One of my current quilting-in-progress project is an Arkansas Crossroads quilt pieced with these Japanese tana lawn and those I got in the UK back in 2014. It reminds me of my joyful memories in the UK and Japan, with my sweet sister.

A bit further south from the station there is a home decor store, DDintex, that also sells Liberty prints as well as other European fabrics. They also carry their own in-house linens and sell ready-to-use home furnishing products and accessories.

Just to the east side of the station there is a lovely quilt shop called Nu: Hand Works. It is a bit hard to find that the store is on the third floor of a supermarket building! I almost missed it. The store has a nice selection of canvas, strips and ginghams, as well as quilting cotton from the US and Europe. Their notions and bag-making accessories are pretty decent, too.

If you walk about 20 minutes north from the station to the Meguro Dori street, on the south side there is a lovely little fabric store call FIQ (Fabric in Ideal Quality) that focuses on bold and beautiful Scandinavian inspired fabrics, with prices tend to be on the expensive side.

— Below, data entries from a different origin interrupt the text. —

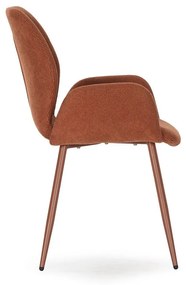 Set di sedie da pranzo color terracotta in imbottito 2 pz Ansu – Marckeric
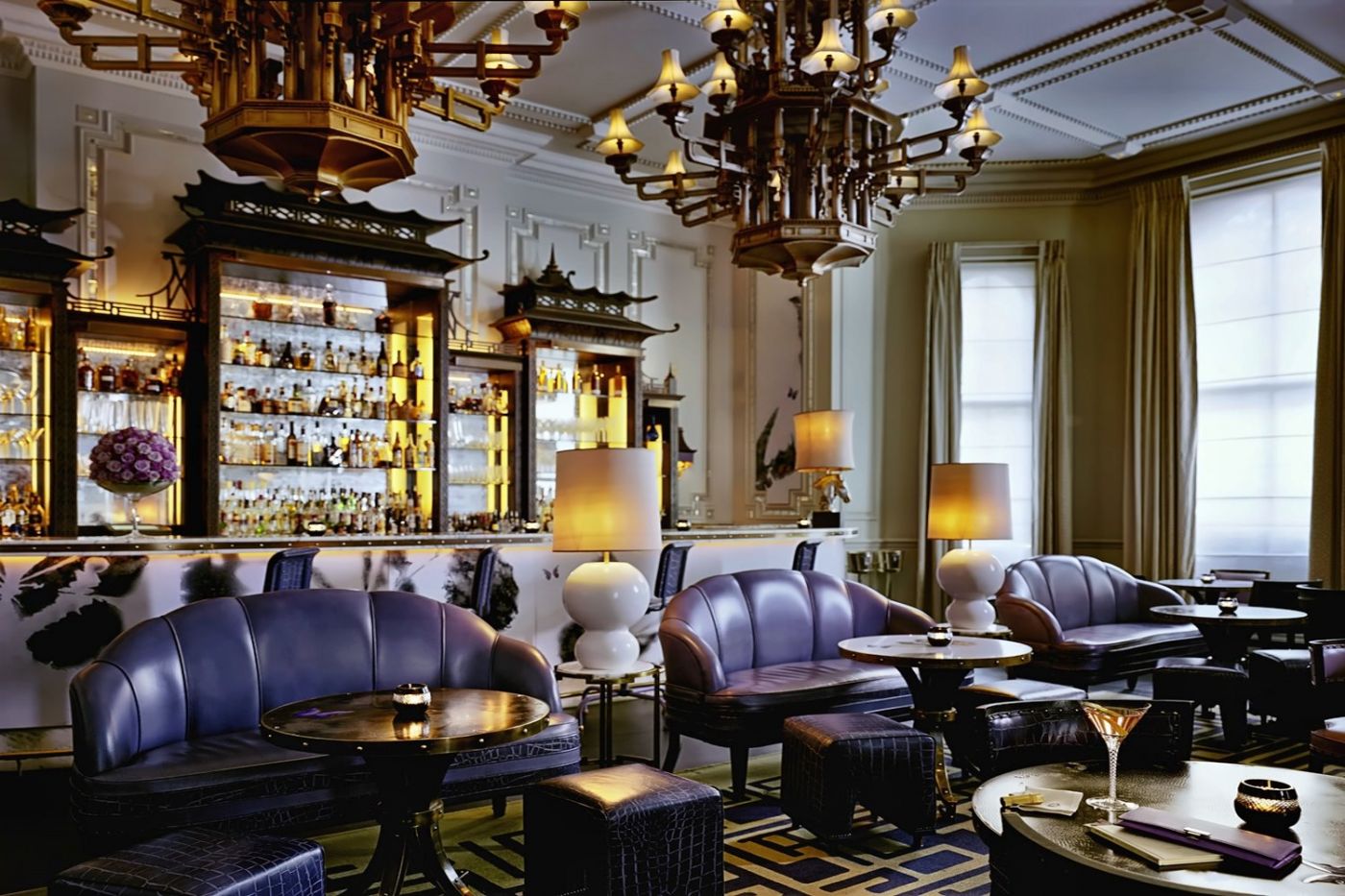 Artesian bar at The Langham London with elegant purple cocktail-bar design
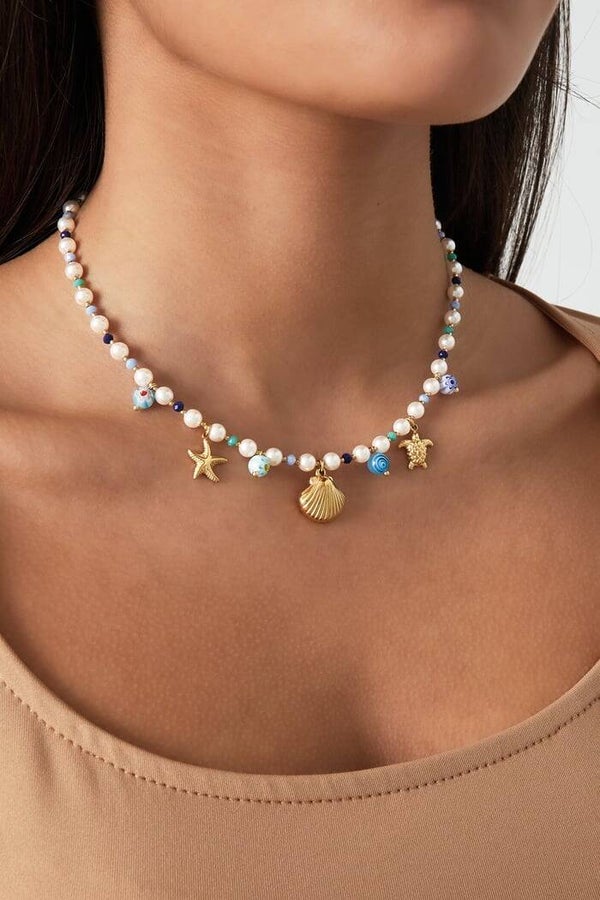 Ketting turtle lover - Blauw goud kleur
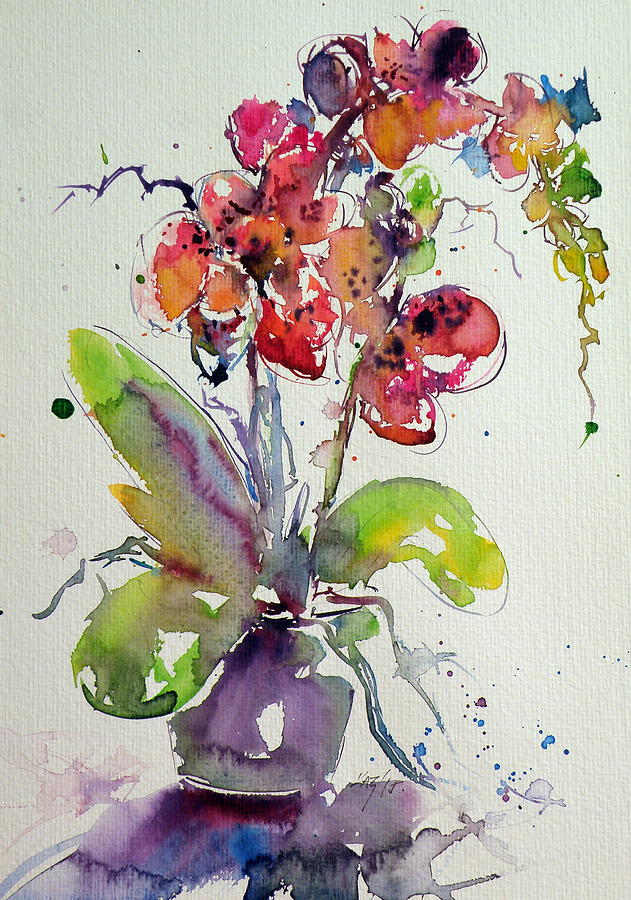 Orchidea #1 Painting by Kovacs Anna Brigitta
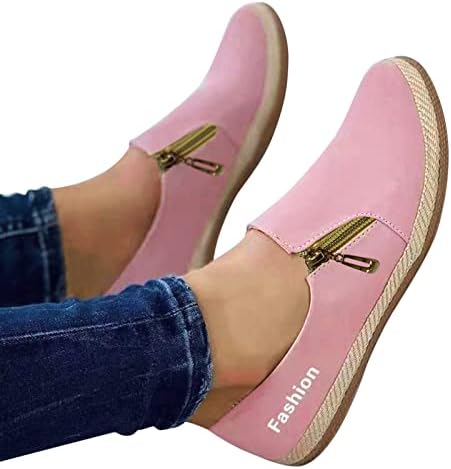 Bağcıksız ayakkabı Kadınlar Bayanlar için Moda Düz Renk Yuvarlak Ayak Sığ Ağız Yan Fermuar Düz rahat ayakkabılar (Mavi,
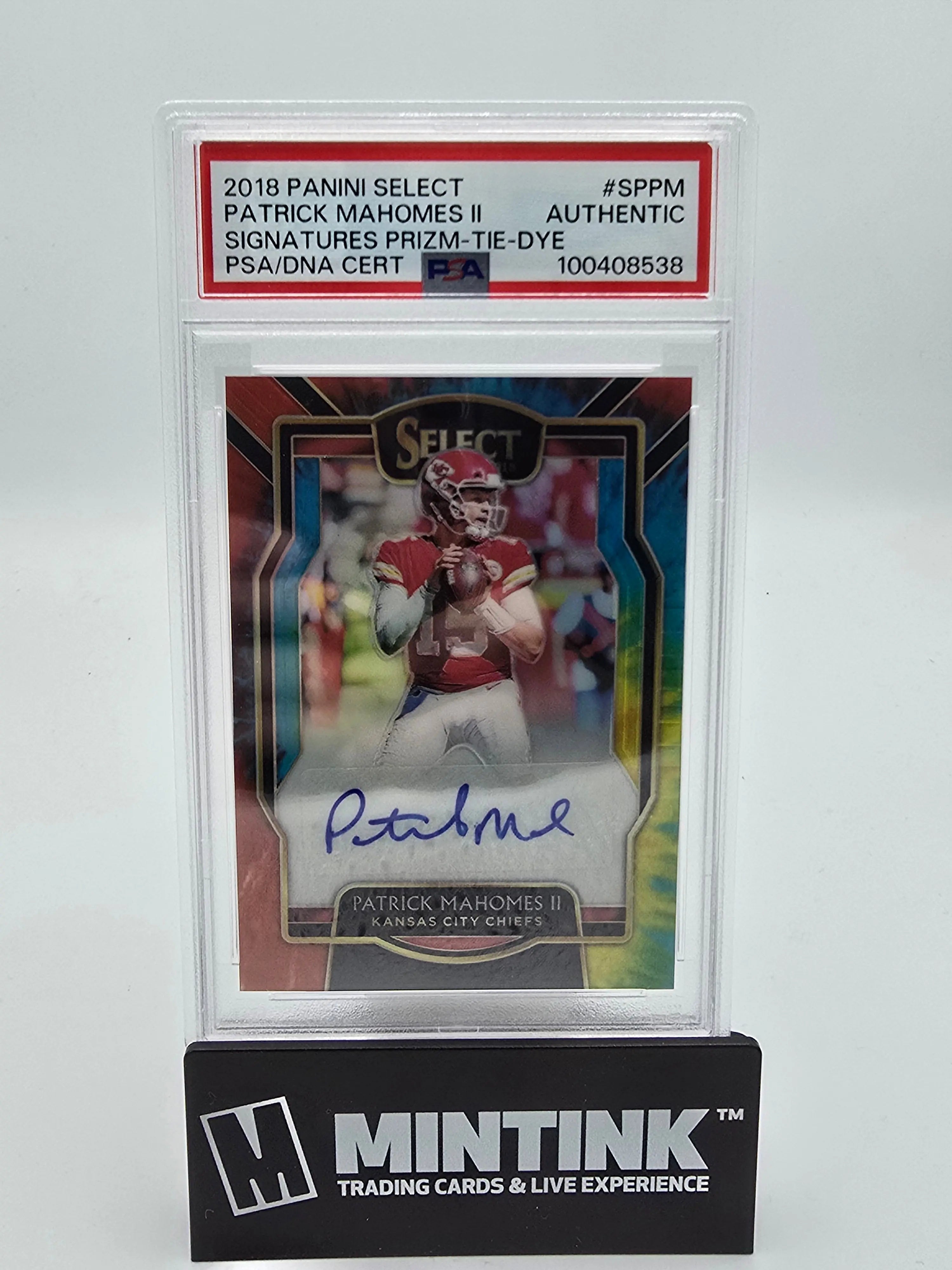 2018 Panini Select Football Patrick Mahomes II Tie Dye Prizm Auto PSA Authentic 4/7 #SP PM - Rare Collectible for NFL Fans & Sports Memorabilia Collectors - Perfect for Display, Investment & Gifting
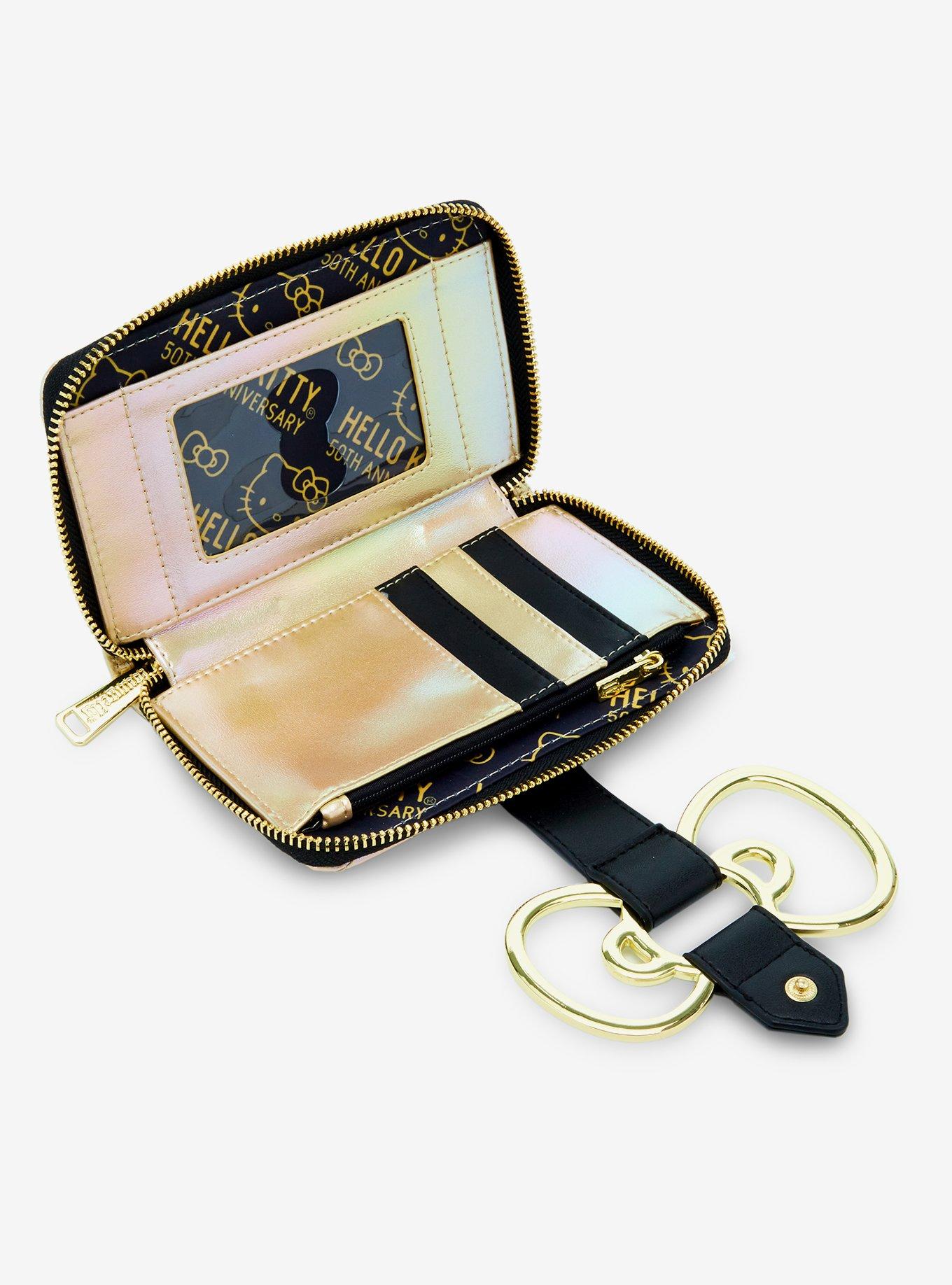 Loungefly Hello Kitty 50th Anniversary Gold Bow Mini Zipper Wallet, , alternate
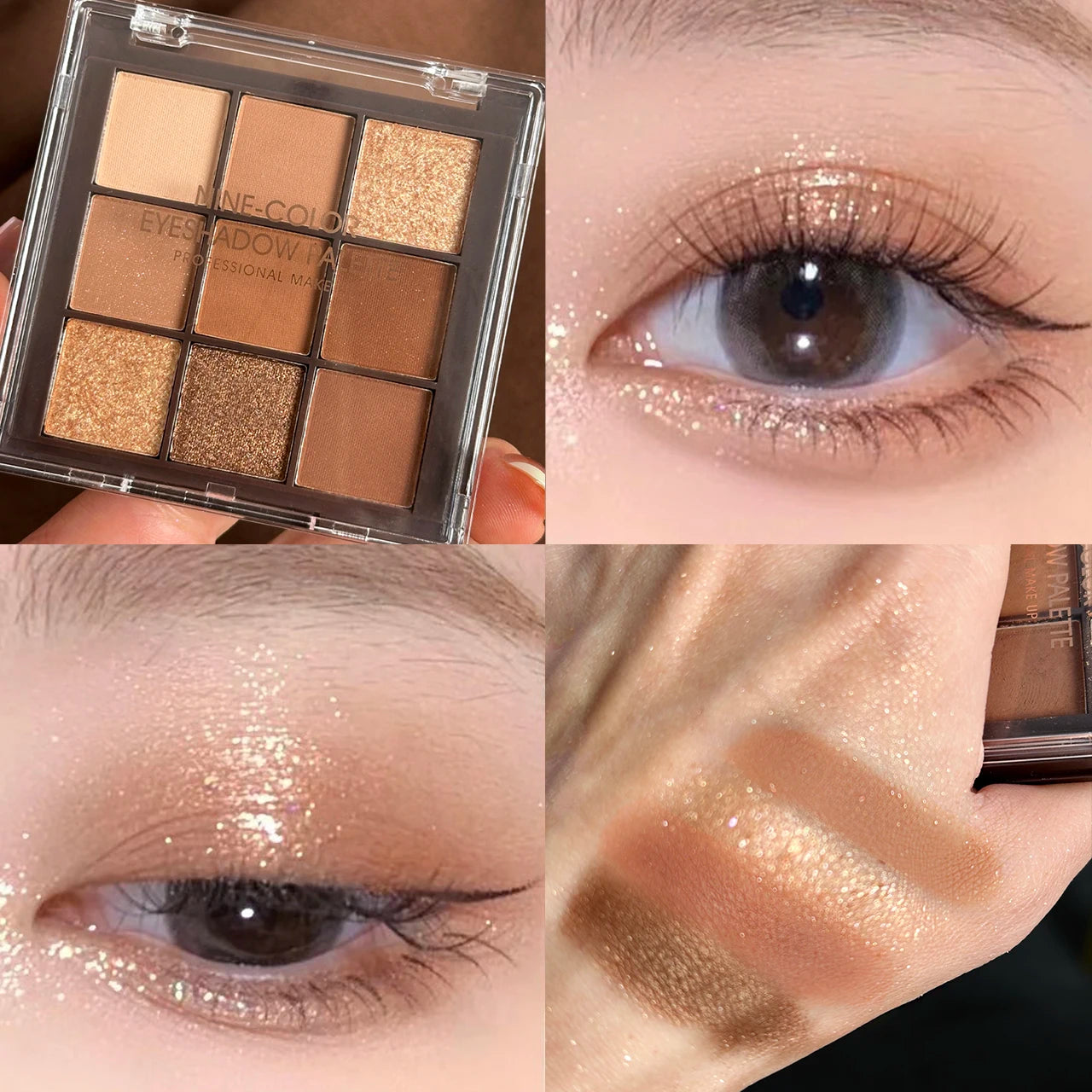 DIKALU 9 Color Eyeshadow Tray Pearl Glitter New Milky Tea Nine Grid Eyeshadow Eye Makeup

I LOVE their medium weight cottons and linens!

Other places

1. Shinjuku

Love these Japanese basting cotton!

Love these Japanese basting cotton!

In Shinjuku, sewing-wise there are two places worth visiting: Okadaya and Books Kinokuniya. This was the second time I visited Okadaya and I was not disappointed. On the fabric building, my favourites are the medium weight cotton/linen-cotton prints displayed on the ground floor. The bottom line is: if you don’t have a chance to visit the Nipori Fabric Town or Swany, Okadaya is definitely the place to visit. It’s very close the the Shinjuku Station, the one that you will be most likely pass by… so no excuse.

Since you are already in Shinjuku, why not also pay a visit to Books Kinokuniya! They have the main store just outside the Shinjuku-san-chimo Station (not Shinjuku Station, but Shinjuku-san-chimo Station). Look how much craft books they have in stock on the sixth floor!

 

2. Kichijoji

There is also a Hobbyra Hobbyre in Kichijoji, but the most famous place there is Yuyawaya, the giant equivalent of Fabricland in Canada, or Jo-Ann in the USA! There are several Yuyawaya shops in Tokyo, and the one in Kichijoji is quite famous that many craft lovers mentioned this particular location (I don’t’ know why). 

3. Nishi-Ogikubo

The Nishi-Ogikubo Station is just east of the Kichijoji Station (Chuo Main Line). I went there specifically for a lovely quilt shop called “Sweet Flap”. I love the quilts designed by the owner, Naoko Sunagawa. Her place is about 450m south of the Nishi-Ogikubo Station. It’s a nice walk wondering around the cute shops in the district, too!

It's just so much fun staying in Tokyo for two weeks.

The gorgeous cherry blossoms and yummy noodles are so much to be missed. Besides sightseeing and food tasting, the fabric shopping experience is simply amazing and most unforgettable! I want to go back, again and again!